So I've had a problem where I need to compare data in 2 different tables on two different servers. Now, I know MySQL supports CHECKSUM TABLES
, but from my testing and understanding, it's not reliable across server instances and versions.
So I created this query:
$part = '@CRC := MD5(CONCAT_WS(\'#\', COALESCE(`'.
implode('`, "#NULL#"), COALESCE(`', $this->_columns).
'`, "#NULL#")))';
$sql1 = "SELECT COUNT(*) AS cnt,
SUM(CONV(SUBSTRING({$part}, 1, 4), 16, 10)) as a1,
SUM(CONV(SUBSTRING(@CRC, 5, 4), 16, 10)) as a2,
SUM(CONV(SUBSTRING(@CRC, 9, 4), 16, 10)) as a3,
SUM(CONV(SUBSTRING(@CRC, 13, 4), 16, 10)) as a4,
SUM(CONV(SUBSTRING(@CRC, 17, 4), 16, 10)) as a5,
SUM(CONV(SUBSTRING(@CRC, 21, 4), 16, 10)) as a6,
SUM(CONV(SUBSTRING(@CRC, 25, 4), 16, 10)) as a7,
SUM(CONV(SUBSTRING(@CRC, 29, 4), 16, 10)) as a8
FROM `dbname`.`tablename`
WHERE `id` >= $min AND `id` <= $max ";
So basically, it's concatenating each row together (all the columns of each row more specifically) and then MD5ing them. Then it walks 4 hexbits at a time through that MD5 and sums them across all rows (4 hexbits to allow me to do huge tables without needing to worry about overflowing). Then, I just compare the result of this query on both tables to see if everything is the same.

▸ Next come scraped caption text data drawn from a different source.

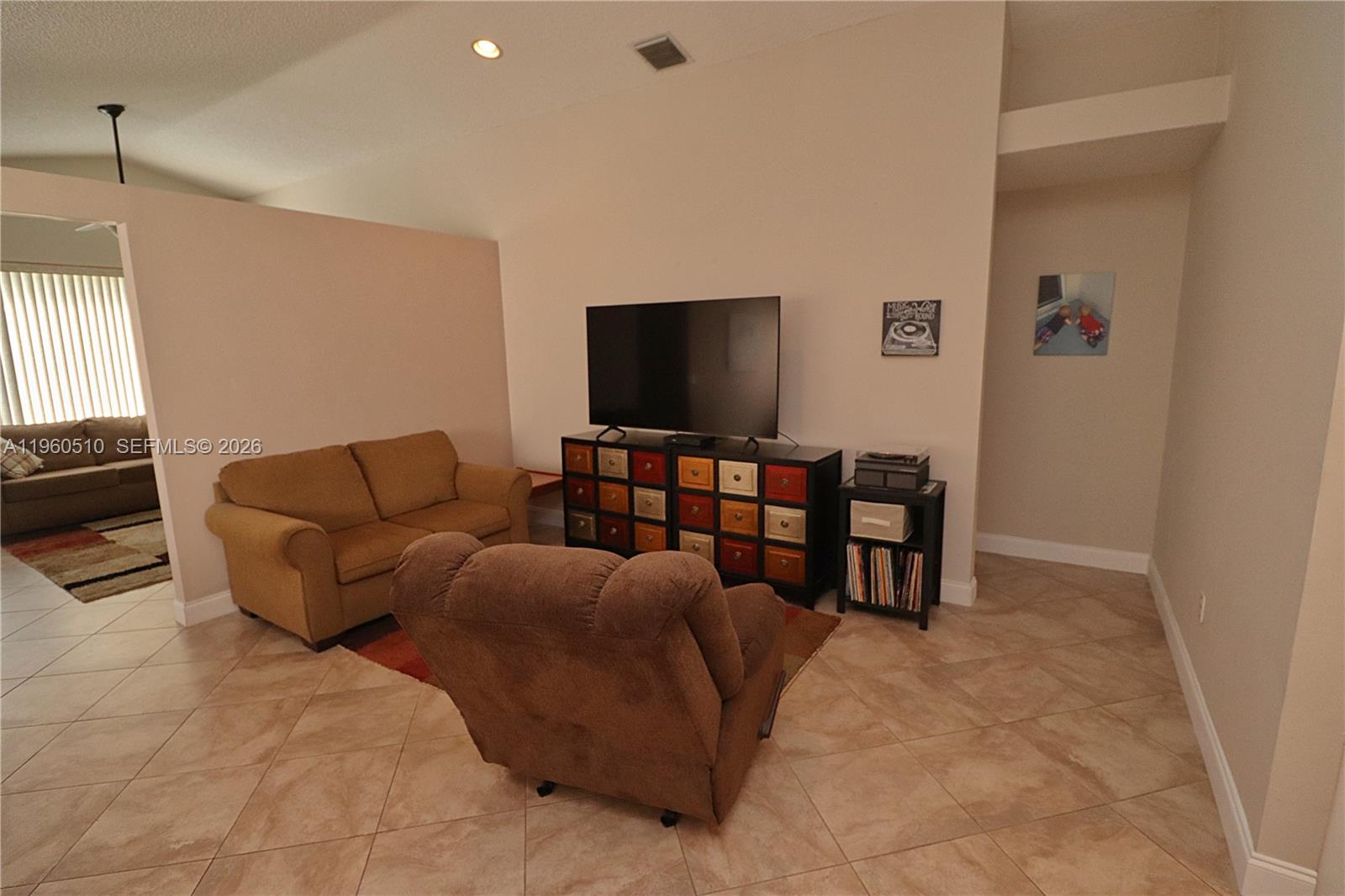 1523 NW 158th Ave Pembroke Pines, FL 33028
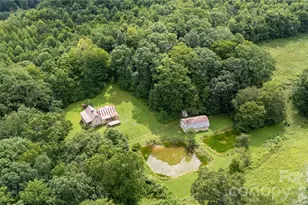 2027 Stamey Branch Rd, Newland, NC 28657 - Photo 2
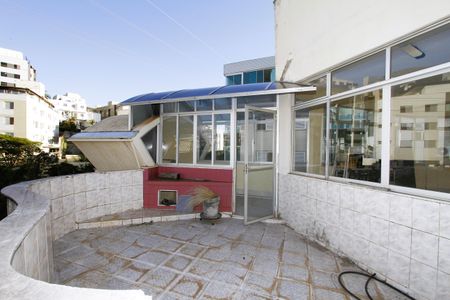 Apartamento à venda com 580m², 6 quartos e 6 vagasCobertura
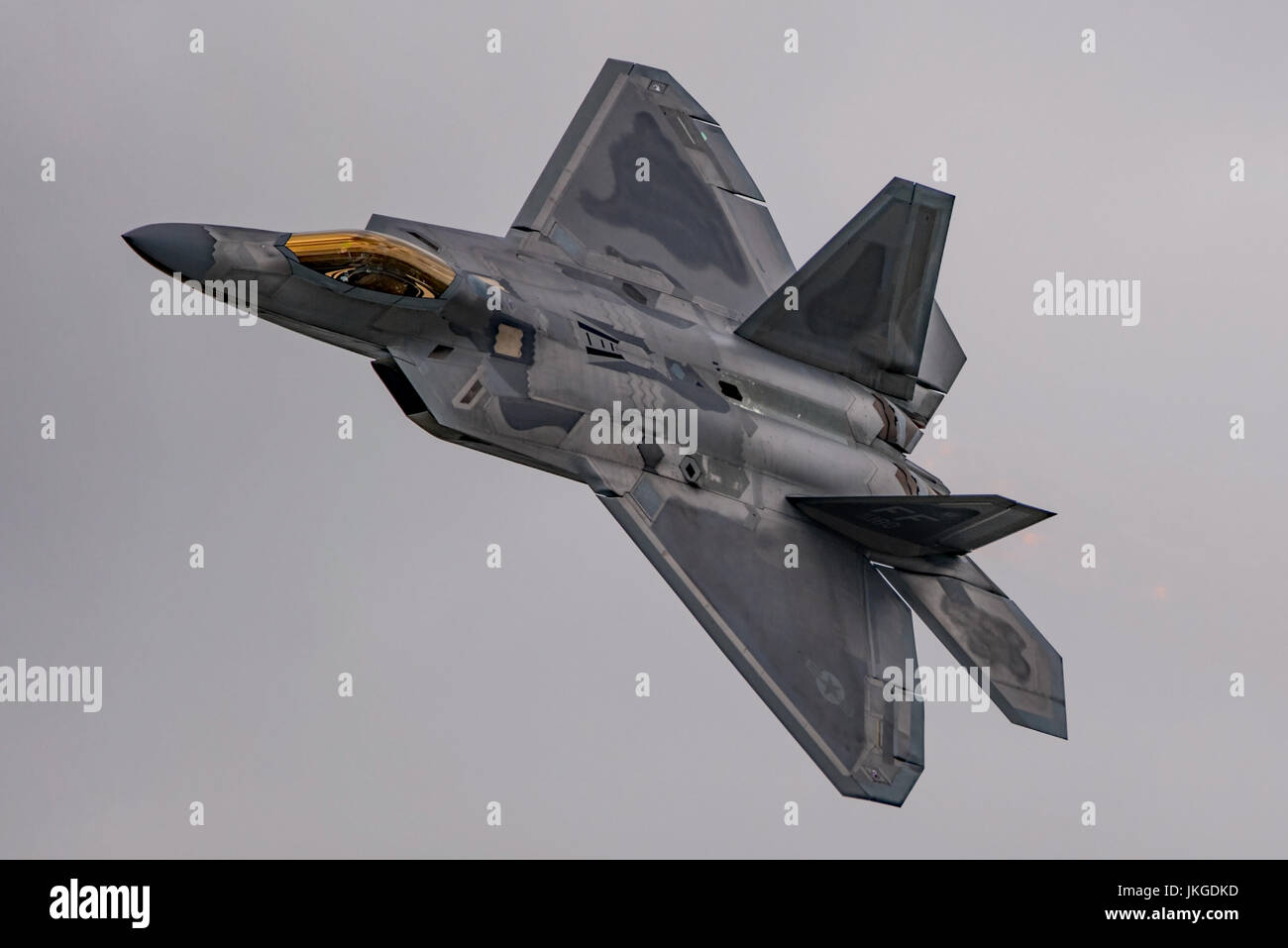 United States Air Force Lockheed Martin F-22 Raptor visualizzazione presso il Royal International Air Tattoo, RAF Fairford, nel Regno Unito il 14 luglio 2017. Foto Stock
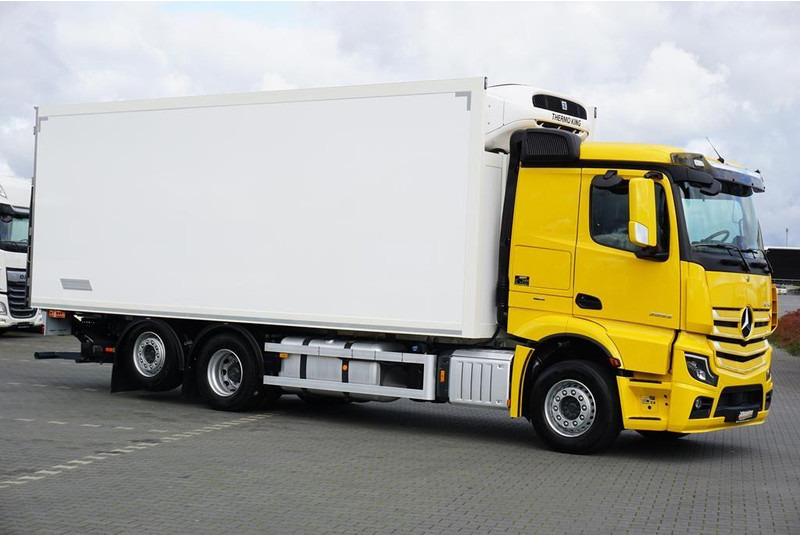 Mercedes-Benz ACTROS / 2853 / ACC / E 6 / MP 5 / CHŁODNIA + WINDA / 18 PALET / - Chladírenský nákladní automobil: obrázek 4 Mercedes-Benz ACTROS / 2853 / ACC / E 6 / MP 5 / CHŁODNIA + WINDA / 18 PALET / - Chladírenský nákladní automobil: obrázek 4
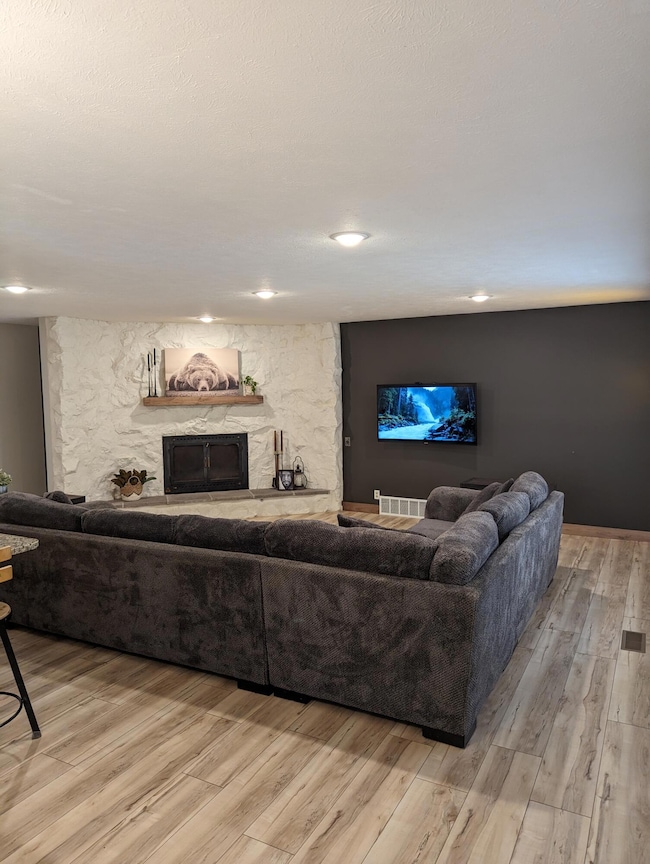 PXL_20240611_160230986.MP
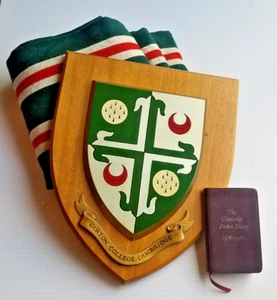 LOTE De Colección Bufanda Escudo Universitario Girton Universidad de Cambridge y Diario de Bolsillo 1976-77 - Imagen 1 de 16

By using this binary search, I am able to rather quickly narrow down where the changes are so that I can port them.
It's actually reasonably efficient, so I'm not too concerned about that. What I am concerned about is if this is even necessary. It's screaming to me "You're doing it wrong", but I can't figure out any cleaner method around it...
What are your thoughts?